Through the Society’s Advocate Grant Program, educators and scientists mentor and expand opportunities for underrepresented and low-income students who have the potential to excel in STEM fields with additional support.
Each Advocate will mentor a cohort of at least three underrepresented students and help them navigate the sometimes-complicated process involved in entering science research competitions, supporting the students as they complete science research projects and apply to compete in science competitions.
“By building an awareness of science research opportunities and science competitions, the Society’s Advocates are setting students up to realize their full potential in STEM fields,” said Maya Ajmera, President and CEO of the Society for Science & the Public and Publisher of Science News. “The program opens the door for all students, regardless of background, to have the opportunity to gain critical exposure to build a career in science. The Advocate Grant Program is making way for future leaders.”
This year’s Advocates hail from 28 states, Washington D.C. and Puerto Rico. They include seven middle school teachers, five teachers who work with middle and high school students, 30 high school teachers, six university professors and two museum educators. Now in its fourth year, the program is continuing to grow and reach more students. In 2017, the Society named 45 Advocates.

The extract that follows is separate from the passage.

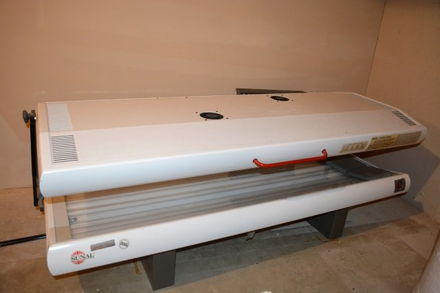 Sunal Solartechnik 220 V 60h Tanning Bed Works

The program named 31 in 2016, up from nine during its pilot year in 2015. The Society received nearly 250 applications from 46 states as well as Washington, D.C. and Puerto Rico.
By informing students about science competitions, helping them to navigate the application process, and imparting a thirst for scientific research, Advocates are implementing a STEM pipeline for students who may not have one otherwise. Students who compete in science competitions come away with critical skills, including the ability to write a research paper and communicate their work to peers and judges.
The Advocate Grant Program is funded by Arconic Foundation, Jack Kent Cooke Foundation, and Regeneron.